Solana Was Down Because It Grows Too Quickly
In a recent interview for Bloomberg, the Founder and CEO of FTX – Sam Bankman-Fried – shared his stance on hot topics such as Solana’s disruption and regulations of the digital asset industry.
Being a supporter of the blockchain project, the 29-year-old crypto billionaire described the 17-hour collapse of Solana’s network as “sad and frustrating:”
“It’s always sad when these happen, it’s always frustrating.”
Bankman-Fried explained what caused SOL’s outage. According to him, its network has rapidly expanded in a short period of time. As such, it was not able to cope with the increased activity. However, FTX’s CEO opined that Solana has already solved its issues.

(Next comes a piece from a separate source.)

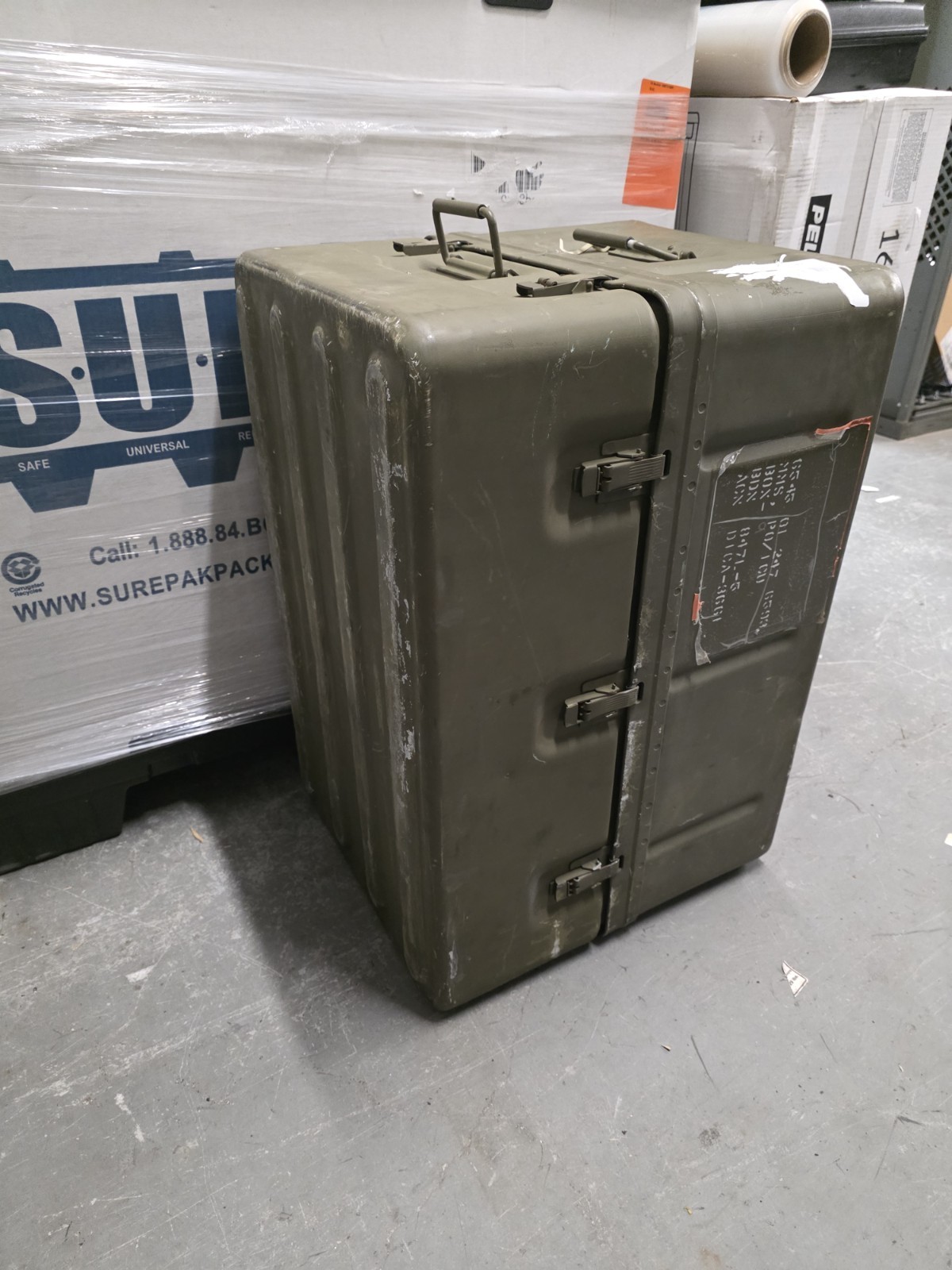 32x20x22 Aluminum Military Medical Chest Watertight Survival Bug Out Storage Box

“What this is really focused on is as you try to massively scale up a blockchain, eventually you test its current limits.”
The executive also gave his two cents regarding stablecoins and their involvement in the cryptocurrency space. He believes they “add a lot of value to the system, and they make it easier to interact with everything.” Keeping that in mind, banning them would not be a good idea. Instead, US watchdogs should regulate them so they can continue playing a crucial role in the digital asset industry.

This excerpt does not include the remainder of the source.